3+1 bars from two codecs (three settings of one, the green is another)


As you can see, the 10 kiloherz tone and the 20 kiloherz tone are nearly compressed away, And then there is a green peak ...

Here are two settings of a third codec:

Quite even. Except the red peak at ... the same frequency as the green above! Compressing worse, though.


Last two months' worth of foobar2000.org ad revenue has been donated to support war refugees from Ukraine: https://www.foobar2000.org/

Re: Test in progress: compressing near-quiet sine tones

Reply #1
Before I spend too much time on this: is there any obvious reason why compressing low-volume sine waves should result in size differences like here?
For the 10kHz and 20kHz sines, I would guess the codecs in question have managed to find a predictor that can determine the next sample's value with 100% accuracy, so the residual takes up almost no space at all.

I have no idea why they're unable to come up with a good predictor for the 7kHz sine, though.

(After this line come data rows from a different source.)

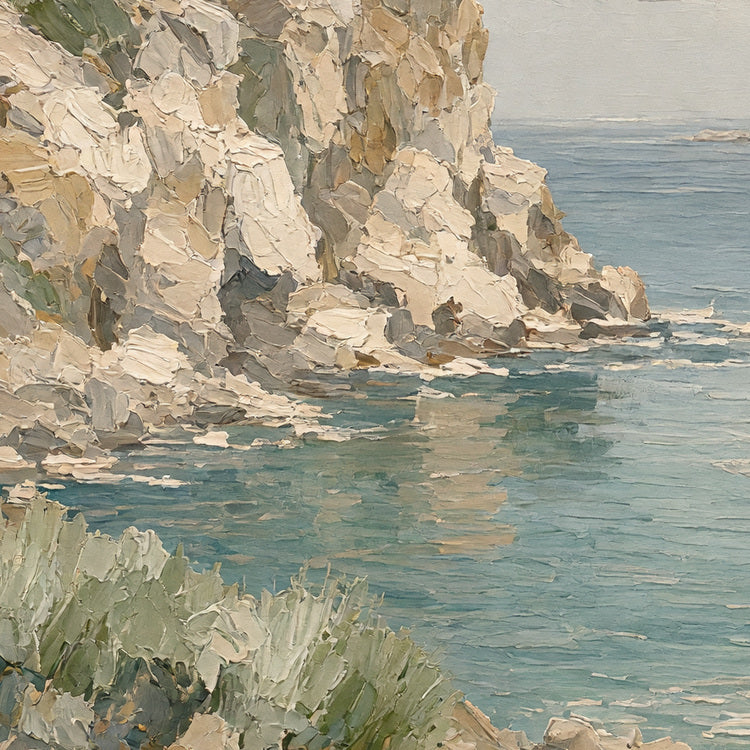Limestone Tide — detail crop of the design visualization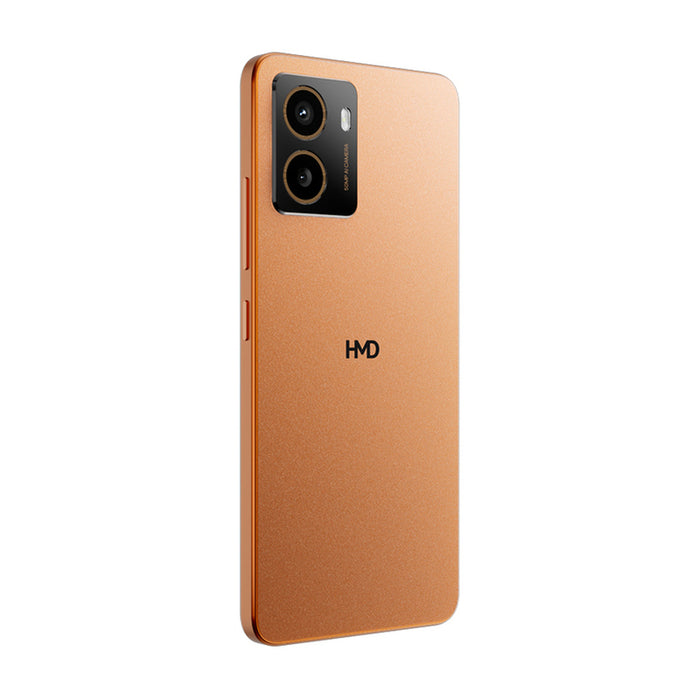 Smartphone GSM HMD PULSE+ ORANGE 6.56 ", 128 GB, RAM 4 GB, 50 MP+QVGA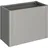 Belvedere Maxi 100 102 x 53 x 77 cm quarzgrau-metallic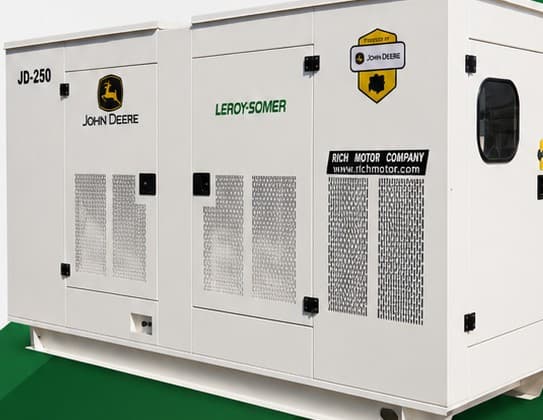 John Deere diesel generator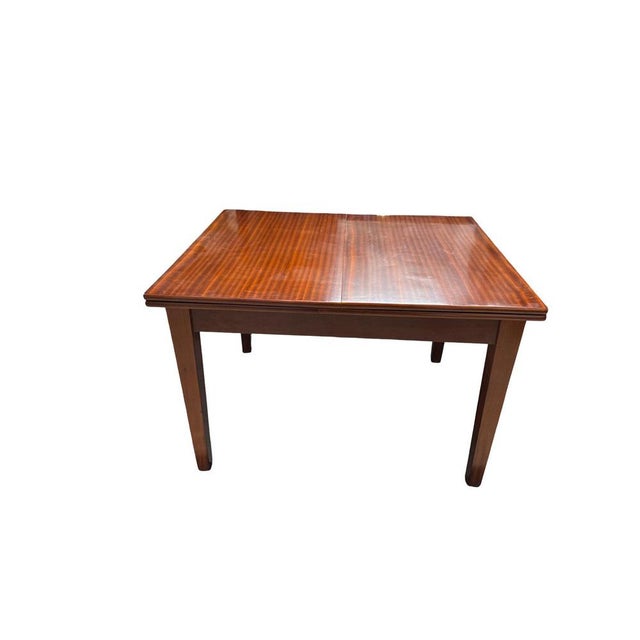 Art Nouveau Extendable Table, 1890s For Sale - Image 4 of 4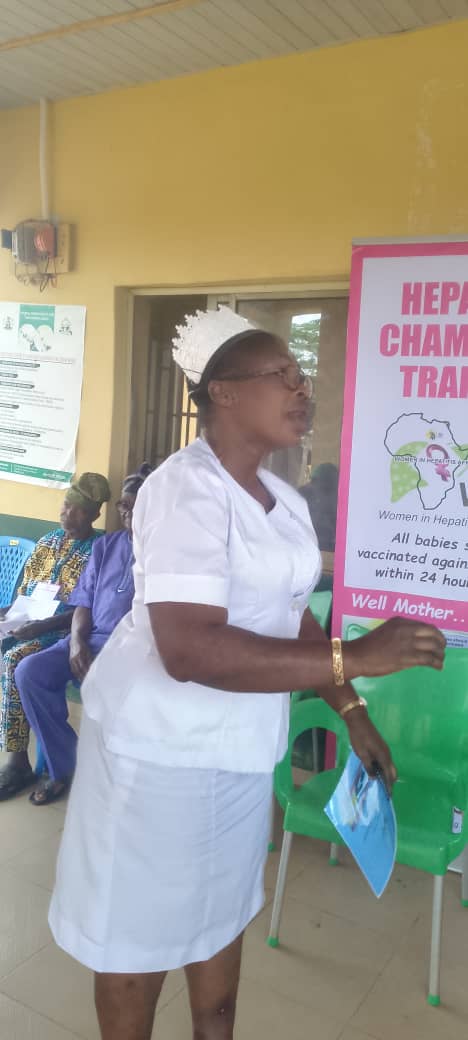 LiveWell Initiative (@l_w_i) on Twitter photo HAPPENING NOW!!!
Hepatitis champion's training on hepatitis B birth dose advocacy ongoing at Ibule Soro Basic Health Centre, Ondo State.
#stopthespread #PMTCTinHepatits #NoNextGenerationHepatitis
@WIHA <a href="/GlobalHep/">Coalition for Global Hepatitis Elimination</a> <a href="/Hep_Alliance/">World Hepatitis Alliance</a> <a href="/HCVCoalition/">HepatitisCCoalition</a> <a href="/AfricaAhi/">Africa Hepatitis Initiative (AHI)</a> <a href="/AfricaHPBCC/">Africa HepatoPancreatoBiliary Cancer Consortium</a> @TFG HAPPENING NOW!!!
Hepatitis champion's training on hepatitis B birth dose advocacy ongoing at Ibule Soro Basic Health Centre, Ondo State.
#stopthespread #PMTCTinHepatits #NoNextGenerationHepatitis
@WIHA <a href="/GlobalHep/">Coalition for Global Hepatitis Elimination</a> <a href="/Hep_Alliance/">World Hepatitis Alliance</a> <a href="/HCVCoalition/">HepatitisCCoalition</a> <a href="/AfricaAhi/">Africa Hepatitis Initiative (AHI)</a> <a href="/AfricaHPBCC/">Africa HepatoPancreatoBiliary Cancer Consortium</a> @TFG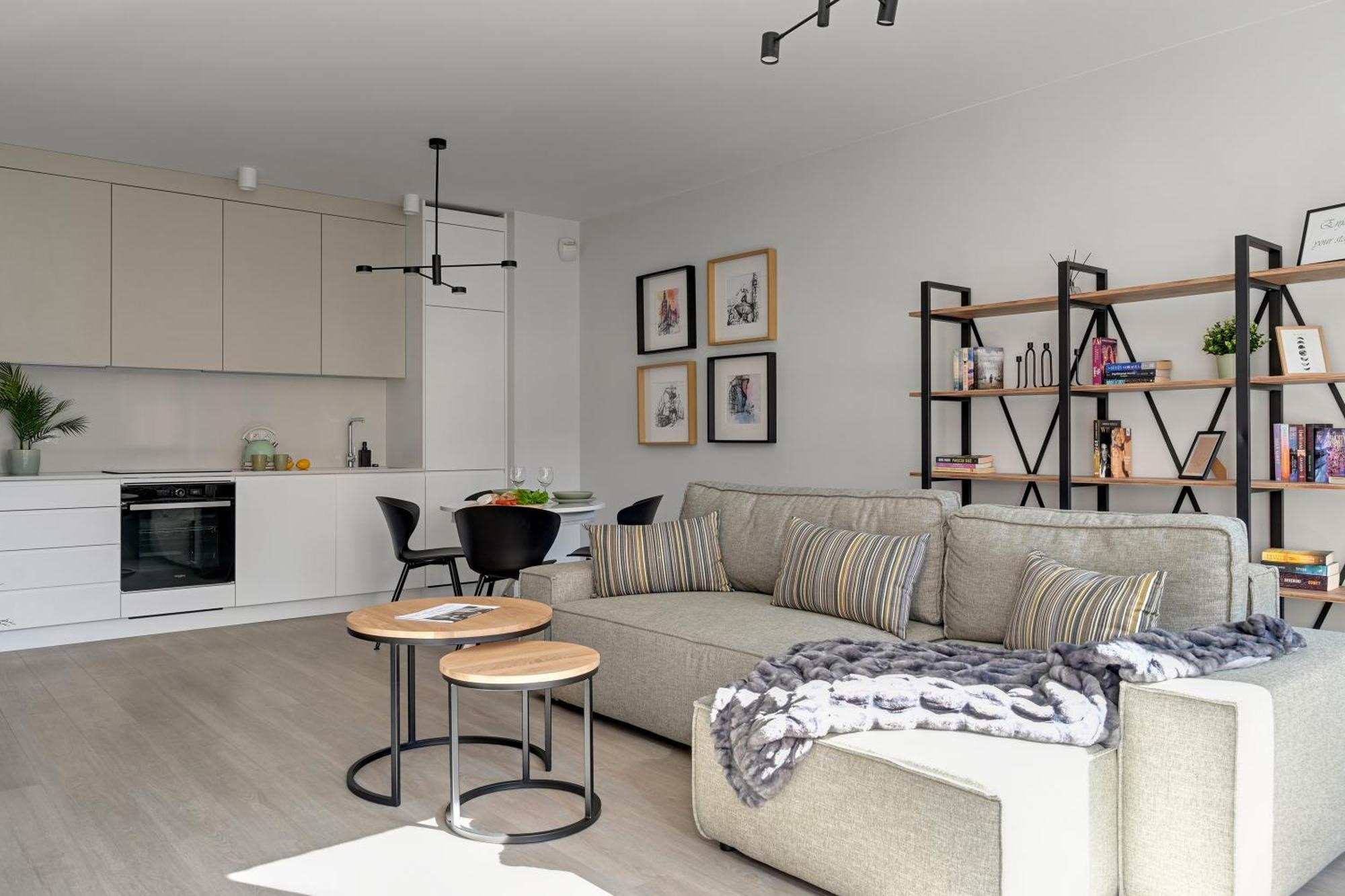 Scala 60H City Center Premium Apartments With Parking By Lion Apartments グダニスク エクステリア 写真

Re: Test in progress: compressing near-quiet sine tones

Reply #2
I also noticed something similar when saving sine waves as FLAC and it (also) depends on the file's sample rate.
A sine tone that is 1/4 of the sample rate compresses very well, for example a 12kHz sine wave in a 48kHz file.

Re: Test in progress: compressing near-quiet sine tones

Reply #3
If FLAC compressibility depends on audio frequency it also depends on the sampling rate, because it defines a block as a number of samples and not as a timespan. So if you double the sample rate, then each block is only half the timespan.
ffmpeg's flac will choose bigger blocks for higher sampling rates though.

But for more complex signals, sampling rate seems not to matter for reference FLAC. Tested here: https://hydrogenaud.io/index.php?topic=122056.0
Last two months' worth of foobar2000.org ad revenue has been donated to support war refugees from Ukraine: https://www.foobar2000.org/

Re: Test in progress: compressing near-quiet sine tones

Reply #4
There is one patch currently in FLAC git but not yet in any release  that massively affects the compression FLAC can reach on sines: this one. Actually the whole reason I started looking for compression improvements in FLAC is because it had abysmal performance on simple inputs like sines.

The reason for this lies in the way FLAC does some linear algebra. For very clean inputs (like sines) the process FLAC uses to find a predictor gets extremely sensitive to rounding errors. Increasing precision reduces the rounding errors and therefore improves compression. This patch therefore increases compression the most on clean signals like a single piano playing, or in fact a sine wave, while not changing anything on music which has a spectrum similar to white noise like metal (especially tracks with crash cymbals being hit a lot).
Music: sounds arranged such that they construct feelings.

Re: Test in progress: compressing near-quiet sine tones

Reply #5
Well, FLAC's "abysmal" performance isn't that bad in this test. But note again, the signals are very quiet. What I set out to test was actually whether there were big differences in "top N bits all zero" even if there is no outright "wasted bits" feature for the most significant ones. Then something strange showed up.

* The top chart above repeated here: three TAKs (p0, p2, p4m) and then ALAC. ALAC compresses bass well, but behaves even stranger at 7, 10, 14 and 20 kiloherz.


* Monkey's "fast" and "insane". Insane having the insane red leap at 7k.


* Here is another animal known for leaping. The blue and red frogs are --preset 0 and --preset 2. Of course the high presets are nearly invisible, but there is some variation that it is "good an octave off a good" etc.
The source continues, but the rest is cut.